• _Activity_:
Repeat each entry below exactly, omitting any picture it holds.

• _Data to examine_:
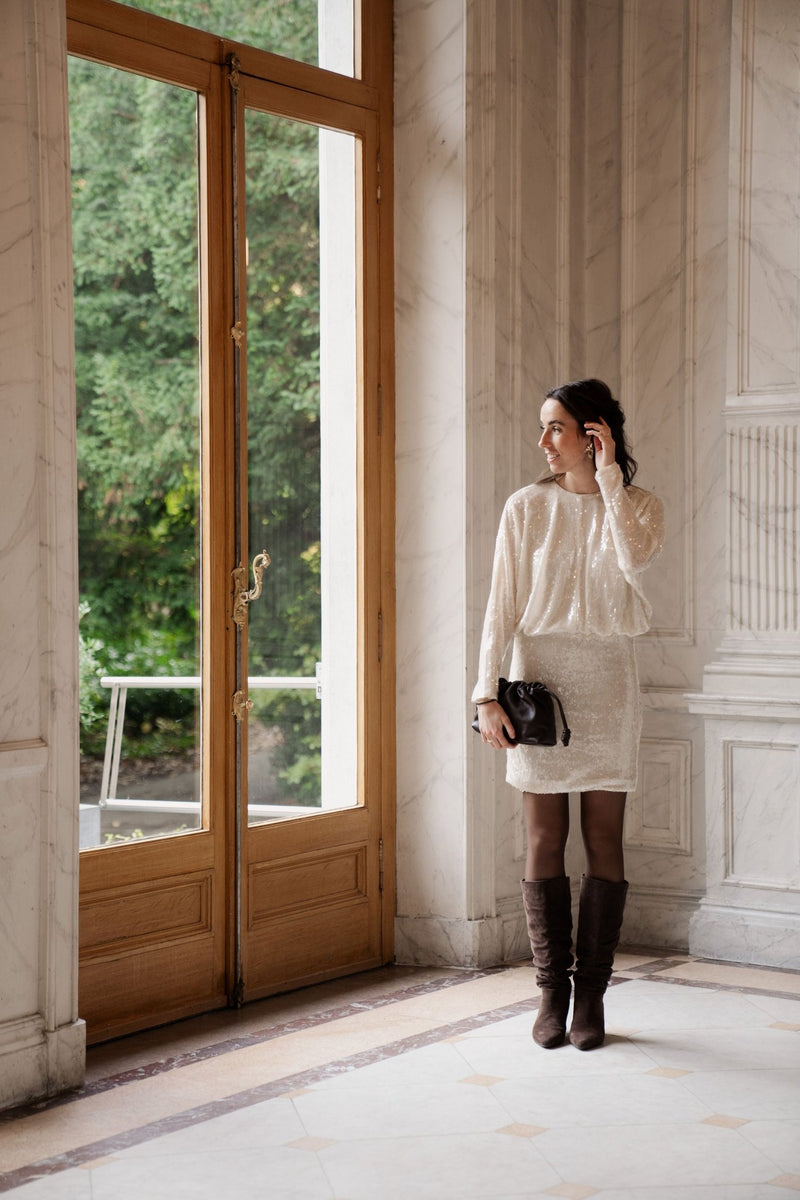 SerafinCC Sequin Dress champagne - Bij Keesje - Co'couture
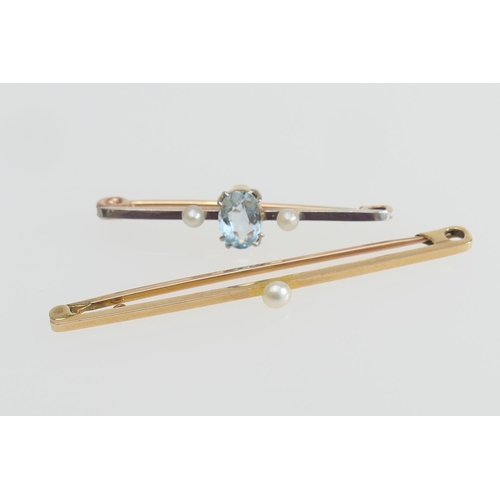 195 - Edwardian 15ct gold and cultured pearl bar brooch, 53mm, gross weight approx. 2.3g; also an aquamari... 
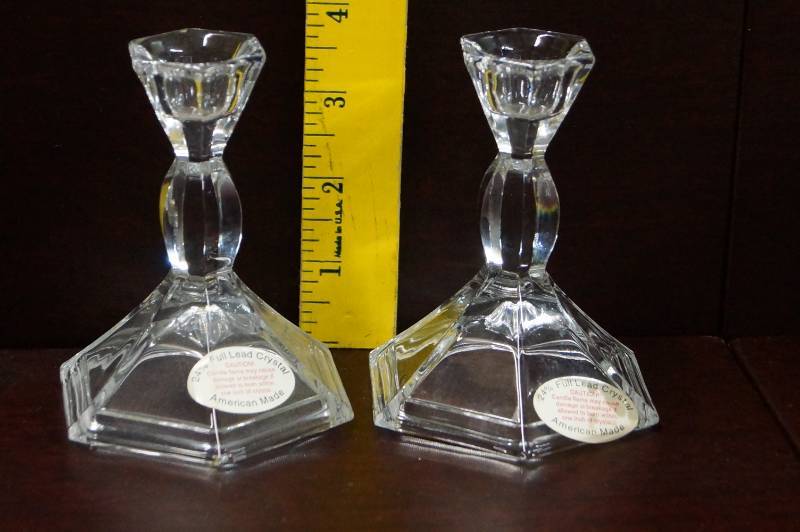 lot 106 image: American Made Pair of Lead Crystal Candle Stick Holders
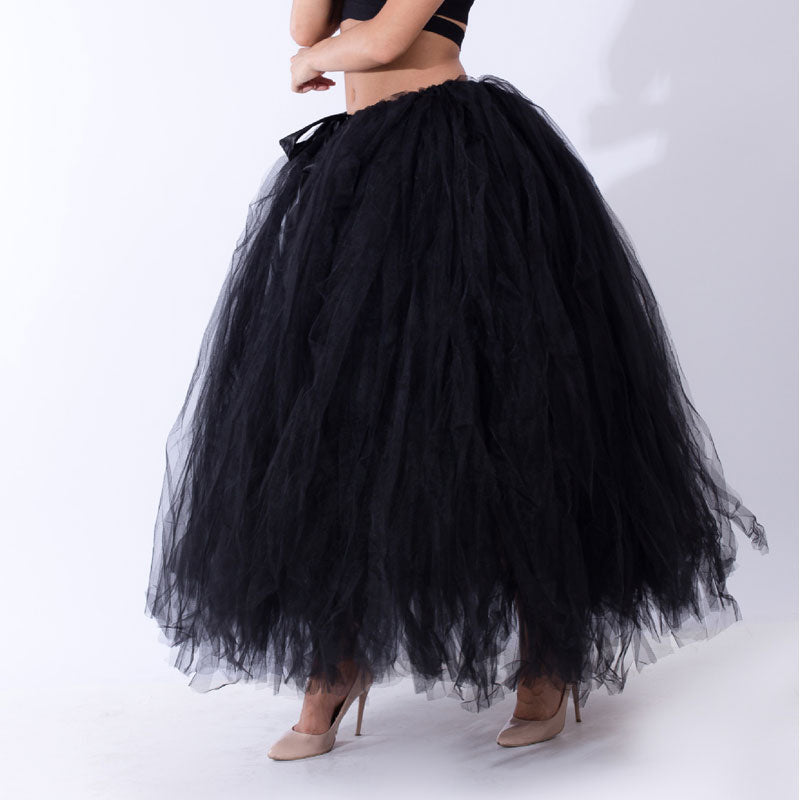 Gradient Color High Waist Sheer Mesh Layered Tutu Skirt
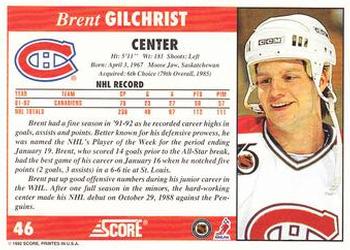 1992-93 Score #46 Brent Gilchrist Back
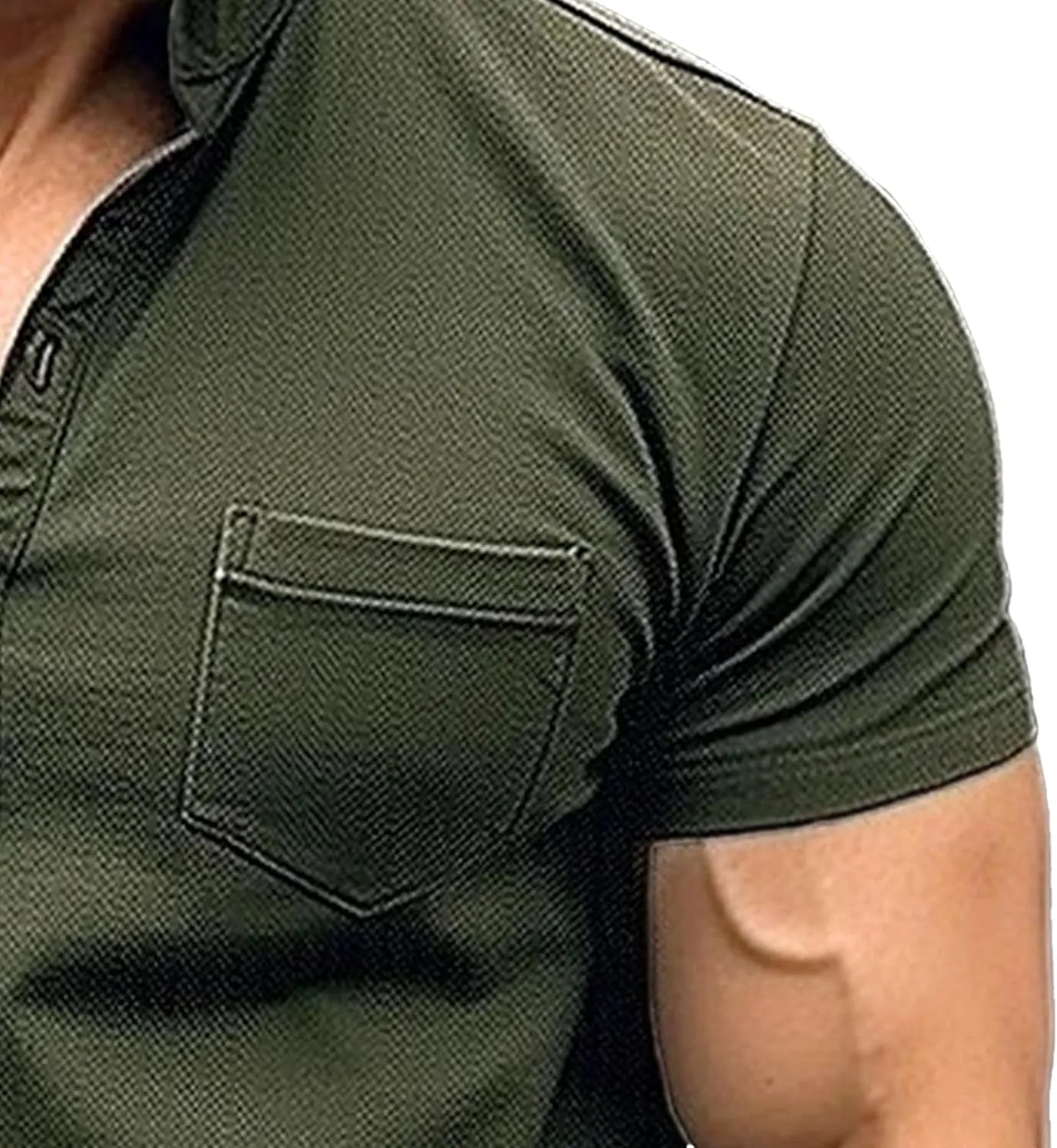 Mens Henley Shirts Short Sleeve Stylish Summer Slim Fit Tee Shirts Casual Stand Collar Basic T Shirt with Pocket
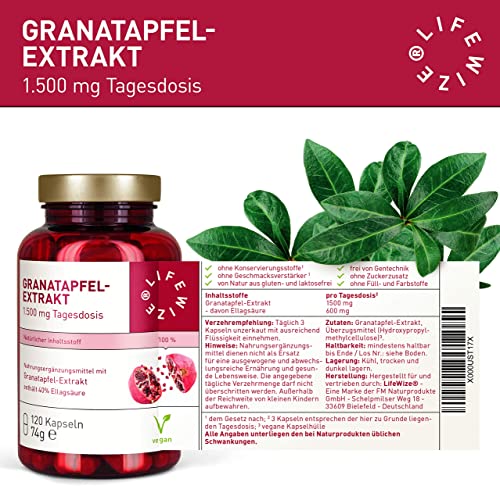 LifeWize® Granatapfel Extrakt Kapseln - 40% Ellagsäure (20:1 Extrakt) - 1500 mg Hochdosiert pro Tagesdosis - 120 Kapseln - Vegan & ohne unerwünschte Zusätze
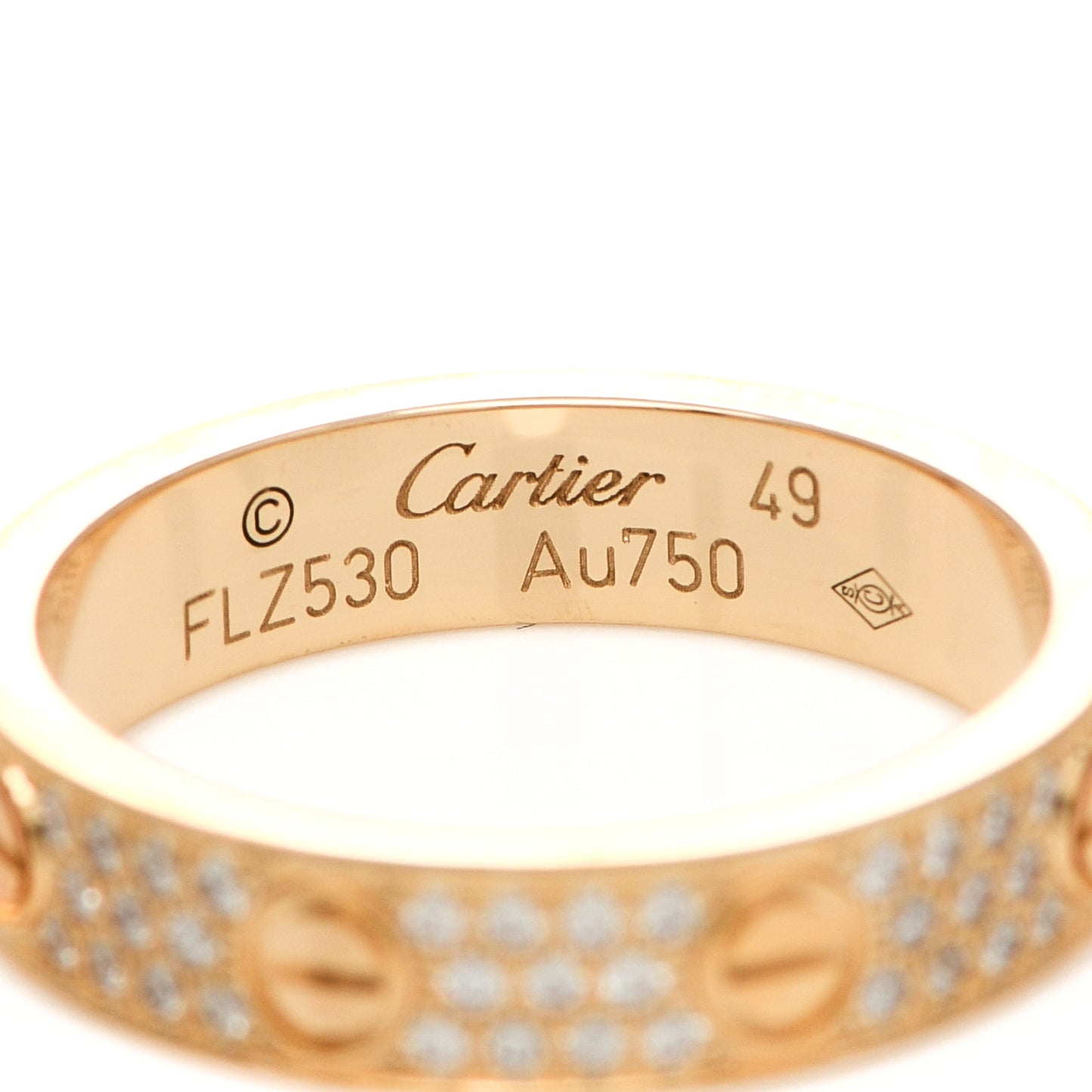 18K Yellow Gold Diamond 4mm LOVE Wedding Paved Band Ring 49 5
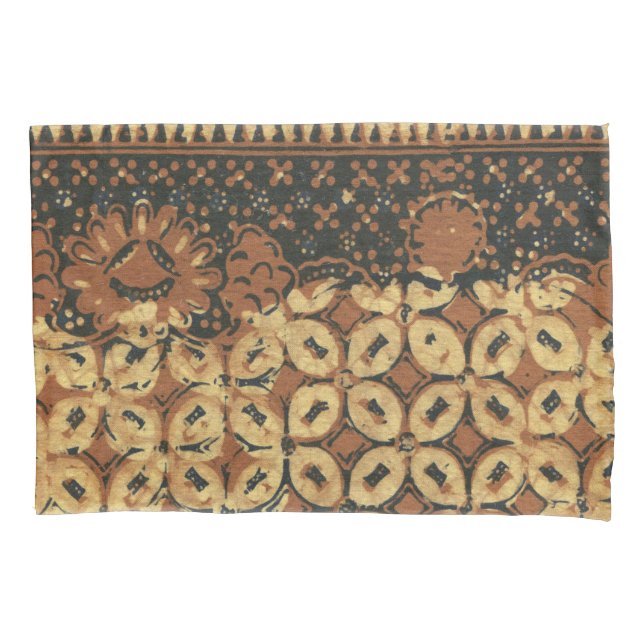 Vintage Indonesian Batik Kawung Pattern Rustic Pillowcase (Front)
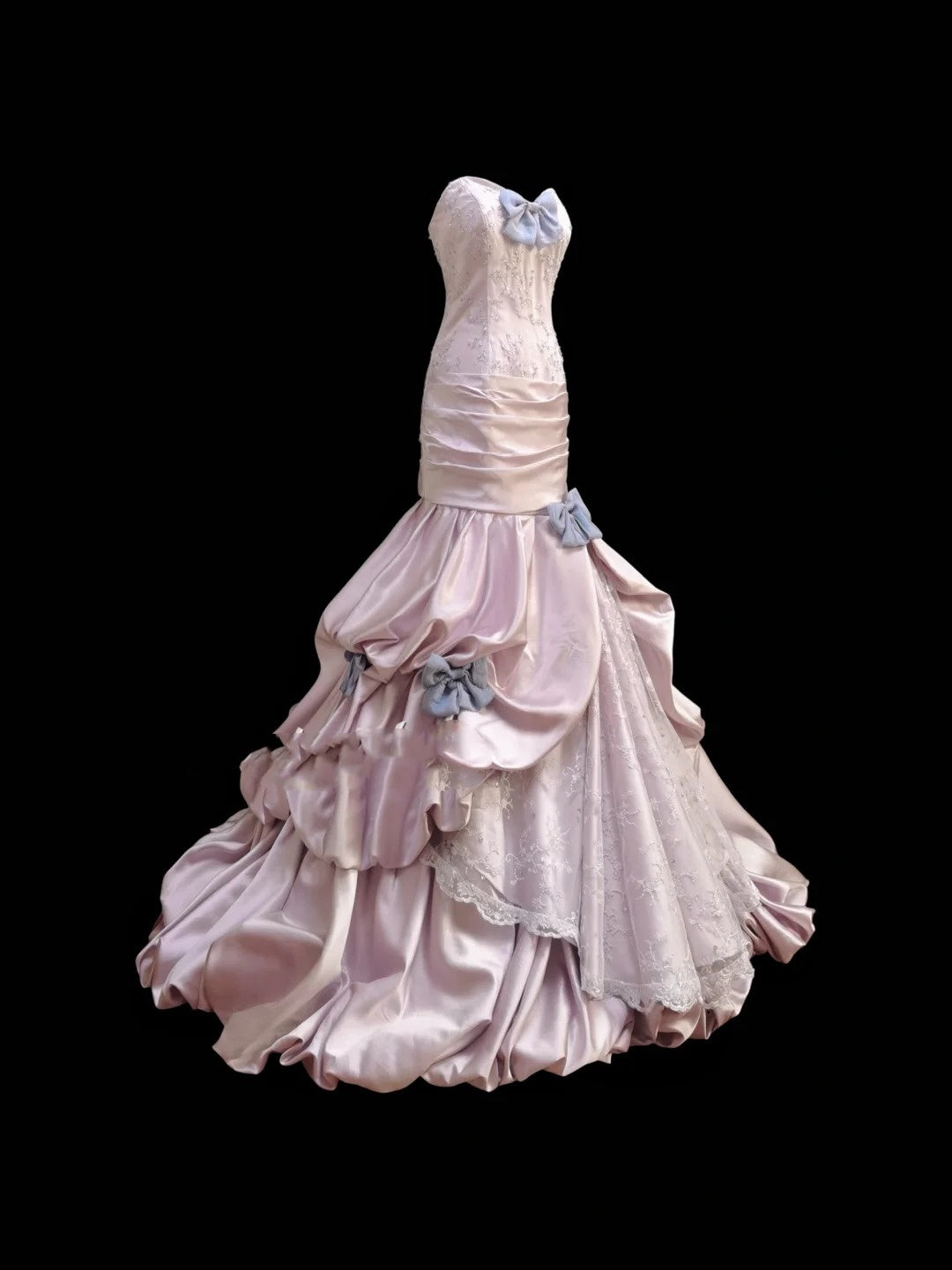 Robe de soirée longue rose avec nœud décoratif et robe de bal longue au sol, robe de cérémonie pour adulte, robe d'anniversaire gh4100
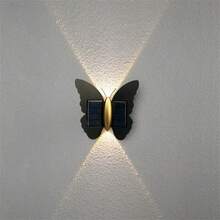 1 件太阳能蝴蝶壁灯，简约现代楼梯灯，走廊壁灯，花园露台阳台灯，户外花园照明，适用于小路、庭院、露台 - 彩色 - 查看 5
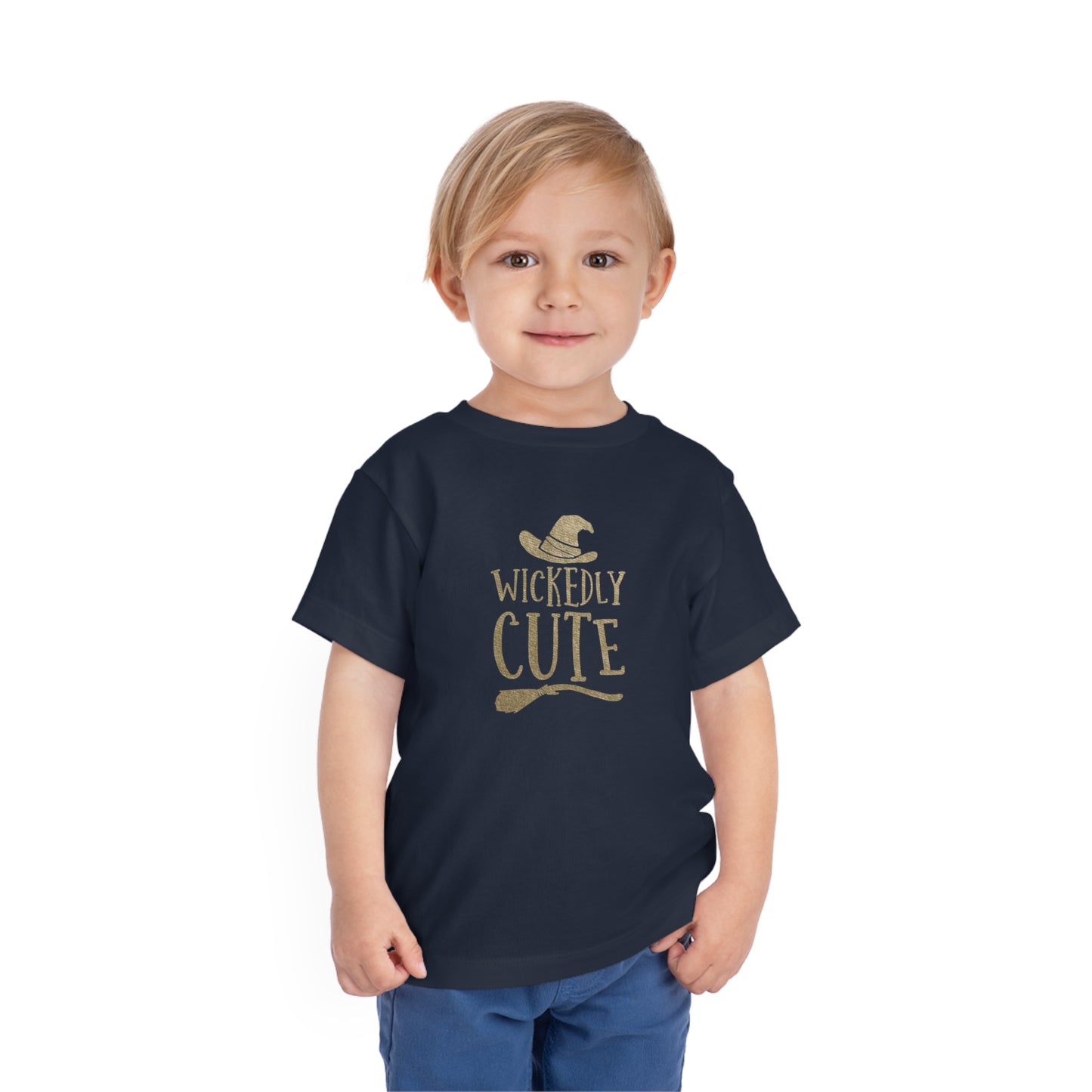 Aesthetic "Wickedly Cute" toddler tshirt, toddler Halloween tee, Trick or treat shirt, Witch hat and broomstick, children's t-shirt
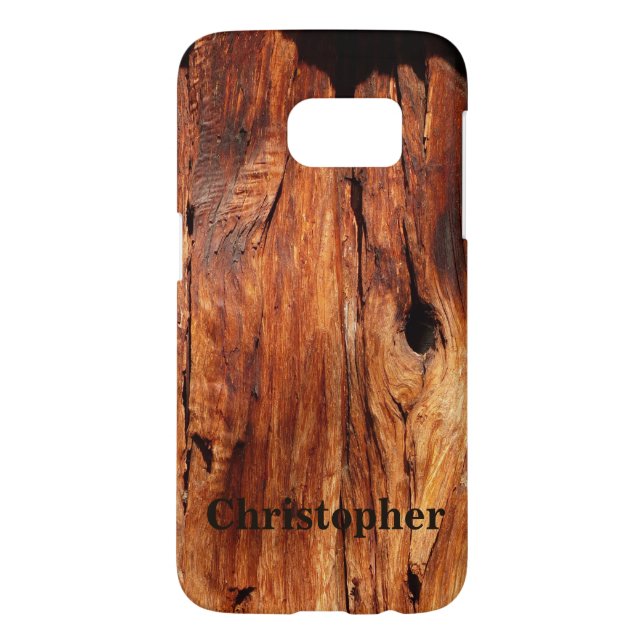 Galaxy S7, Personalized, Faux Weathered Wood Case-Mate Samsung Galaxy Case (Back)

• _Response for this exercise_:
 SerafinCC Sequin Dress champagne - Bij Keesje - Co'couture
 195 - Edwardian 15ct gold and cultured pearl bar brooch, 53mm, gross weight approx. 2.3g; also an aquamari... 
 lot 106 image: American Made Pair of Lead Crystal Candle Stick Holders
 Gradient Color High Waist Sheer Mesh Layered Tutu Skirt
 1992-93 Score #46 Brent Gilchrist Back
 Mens Henley Shirts Short Sleeve Stylish Summer Slim Fit Tee Shirts Casual Stand Collar Basic T Shirt with Pocket
 LifeWize® Granatapfel Extrakt Kapseln - 40% Ellagsäure (20:1 Extrakt) - 1500 mg Hochdosiert pro Tagesdosis - 120 Kapseln - Vegan & ohne unerwünschte Zusätze
 18K Yellow Gold Diamond 4mm LOVE Wedding Paved Band Ring 49 5
 Vintage Indonesian Batik Kawung Pattern Rustic Pillowcase (Front)
 Robe de soirée longue rose avec nœud décoratif et robe de bal longue au sol, robe de cérémonie pour adulte, robe d'anniversaire gh4100
 1 件太阳能蝴蝶壁灯，简约现代楼梯灯，走廊壁灯，花园露台阳台灯，户外花园照明，适用于小路、庭院、露台 - 彩色 - 查看 5
 Aesthetic "Wickedly Cute" toddler tshirt, toddler Halloween tee, Trick or treat shirt, Witch hat and broomstick, children's t-shirt
 Galaxy S7, Personalized, Faux Weathered Wood Case-Mate Samsung Galaxy Case (Back)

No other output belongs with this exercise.